When I meet with small business leaders in our Studer Community Institute roundtable sessions, there are typically two prevailing challenges:
1) Attracting and retaining talent and 2) Getting access to capital.
Let’s talk about the second issue — Cash. Small businesses getting the money they need to get started is a complex issue that I will address in a variety of ways over the next several months. Today, let’s look at it from a big-picture standpoint.
Anyone who has started a business knows that finding money is both critical and difficult. For the business to be successful, access to capital is vital.
When Gallup CEO and Chairman Jim Clifton was in Pensacola years ago he brought up this point. Gallup’s research shows that for cities to be successful, a key question should be asked: Which companies have revenue generated outside of the local area that is then invested in the community, and which companies could grow if they had the capital to do so?
Clifton’s message is that cities tend to spend more time recruiting out of area investments than retaining businesses that are already providing a better quality of life for the community and employees – and could have the potential to get bigger.
So let’s say you’re a startup or a young company.

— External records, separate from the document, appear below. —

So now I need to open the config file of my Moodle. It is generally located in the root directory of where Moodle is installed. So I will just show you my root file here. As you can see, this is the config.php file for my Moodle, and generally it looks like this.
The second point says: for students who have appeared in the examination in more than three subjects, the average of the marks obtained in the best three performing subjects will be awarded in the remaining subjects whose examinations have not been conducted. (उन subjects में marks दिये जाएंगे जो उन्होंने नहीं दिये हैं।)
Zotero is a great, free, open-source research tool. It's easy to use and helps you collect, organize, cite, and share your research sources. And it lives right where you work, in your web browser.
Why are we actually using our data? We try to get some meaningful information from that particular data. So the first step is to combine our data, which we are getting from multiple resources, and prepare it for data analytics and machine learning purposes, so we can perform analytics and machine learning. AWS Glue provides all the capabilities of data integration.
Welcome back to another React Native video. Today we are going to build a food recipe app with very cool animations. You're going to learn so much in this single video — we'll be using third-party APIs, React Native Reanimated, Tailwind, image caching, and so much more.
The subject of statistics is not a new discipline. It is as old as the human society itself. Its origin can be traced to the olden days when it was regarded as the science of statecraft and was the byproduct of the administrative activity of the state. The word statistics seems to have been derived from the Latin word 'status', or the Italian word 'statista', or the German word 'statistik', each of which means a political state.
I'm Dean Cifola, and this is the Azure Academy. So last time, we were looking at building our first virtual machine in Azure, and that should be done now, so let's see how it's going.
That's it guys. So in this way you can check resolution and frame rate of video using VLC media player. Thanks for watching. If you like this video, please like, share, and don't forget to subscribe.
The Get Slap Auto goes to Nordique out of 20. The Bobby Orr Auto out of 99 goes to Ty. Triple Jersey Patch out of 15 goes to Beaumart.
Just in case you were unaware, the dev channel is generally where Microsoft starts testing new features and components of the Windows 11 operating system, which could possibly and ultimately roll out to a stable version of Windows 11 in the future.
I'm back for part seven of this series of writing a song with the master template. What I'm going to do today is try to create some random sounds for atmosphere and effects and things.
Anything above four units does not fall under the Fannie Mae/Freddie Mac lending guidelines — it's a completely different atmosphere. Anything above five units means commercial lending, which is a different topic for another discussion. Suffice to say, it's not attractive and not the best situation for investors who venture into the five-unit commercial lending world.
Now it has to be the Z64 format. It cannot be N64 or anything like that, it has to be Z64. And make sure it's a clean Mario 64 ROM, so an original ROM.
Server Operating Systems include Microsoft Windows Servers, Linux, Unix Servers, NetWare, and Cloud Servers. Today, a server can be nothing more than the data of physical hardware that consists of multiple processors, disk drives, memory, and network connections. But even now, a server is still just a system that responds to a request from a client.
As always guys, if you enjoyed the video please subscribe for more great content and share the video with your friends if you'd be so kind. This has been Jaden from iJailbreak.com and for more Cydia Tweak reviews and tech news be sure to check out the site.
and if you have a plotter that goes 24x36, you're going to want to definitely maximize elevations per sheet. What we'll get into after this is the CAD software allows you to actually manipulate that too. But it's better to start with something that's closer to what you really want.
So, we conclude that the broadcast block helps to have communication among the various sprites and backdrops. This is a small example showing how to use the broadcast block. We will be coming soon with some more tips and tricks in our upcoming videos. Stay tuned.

What do you do to find capital? I get a chance to interact with enthusiastic people in this position often as either as a judge at various “idea pitch” competitions or from people who contact me directly. While many ideas have merit, it takes more than a good idea to start and grow a business.
The process we followed for the Pensacola Business Challenge years ago fits a good mold.
Here are my tips for people looking for capital to start or grow their business:
— Get the advice and guidance to complete a business plan. The Small Business Development Center, as well as many online resources can be very helpful. Having a business plan will greatly increase the odds of getting need capital no matter whom the pitch is being made to. Websites such as LivePlan can help you craft and create a business plan with the information and numbers you need.
— Friends and relatives are still a common investor. Startups have a difficulty getting early funding, that’s just a fact of life. While not ideal, friends and relatives still are common investors or a loan provider. Clear understanding of how this arrangement and/or loan will work is critical for all. Another option entrepreneurs often use is to pursue a loan through a lending institution and have someone with solid finances guarantee the loan.
— Consider government programs such as Small Business Administration loans. The government has some fixed loan programs in which they partner with community banks to help boost the borrowing appetite for a startup company like the 504 and 7a loan programs. We have people and organizations here locally that can help, including Florida First Capital Finance Corporation, which can help navigate that process.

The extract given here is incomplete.